Alright, I understand the proof of the theorem and everything, but I don't have much intuition about the definition. I think the theorem would work using any function $\psi : \mathbb{N} \rightarrow \mathbb{N}$ such that $\psi(1) = 1$ and $\displaystyle\sum_{d | n} \psi(d) = 0$ whenever $n > 1$. So is there some specific reason as to why $\mu$ is defined the way it is?
As another question, I am using the book "A classical introduction to modern number theory" by Ireland & Rosen and on chapter 2 there is the exercise 21 which I just cannot make sense of. It reads:
"Define $f(n) = p$ if $n$ is a power of p and zero otherwise. Prove that $\sum_{d | n} \mu(n/d) \log d = f(n)$. [Hint: First calculate $\sum_{d | n} f(d)$ and then apply the Möbius inversion formula]"

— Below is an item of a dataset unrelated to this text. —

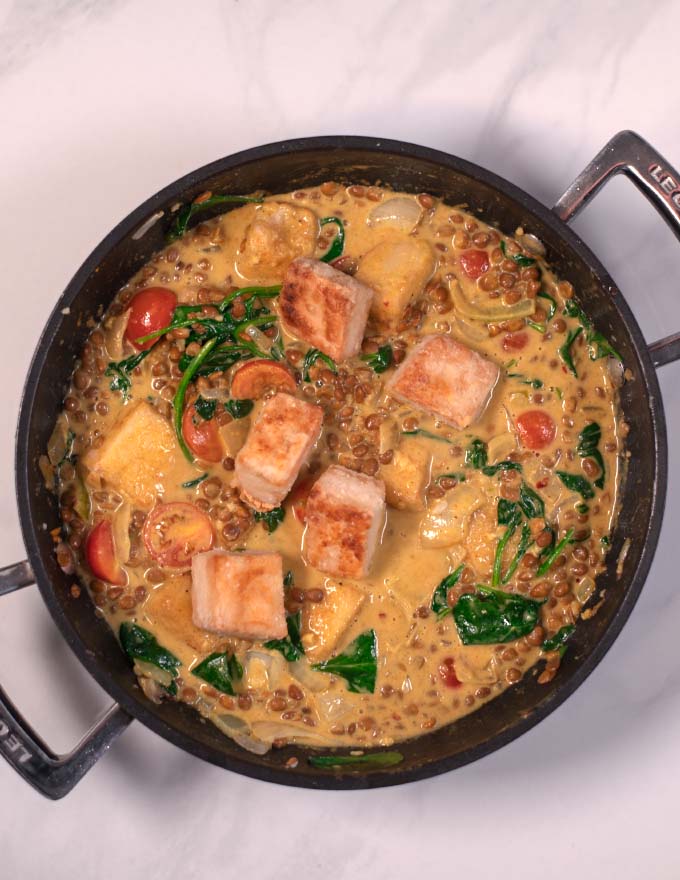 Fried and cripsy tofu cubes are added to the curry.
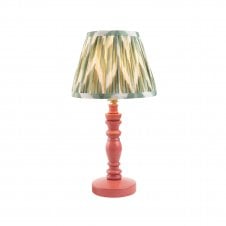 pink wooden table lamp with green zigzag pattern shade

It doesn't make sense to me, because which is this $p$ that the question references? Is it some fixed constant? I guess this would make sense if $\sum_{d | n} f(d) = \log n$ because then the formula would work out, but why would that be true? Well I guess if we consider that $n = p^{\epsilon}$ then the sum would give $\epsilon \log p = \log p^{\epsilon} = \log n$ (if we consider 1 as not a power of $p$), but that's just not a safe assumption, is it? I'm rambling here, any ideas?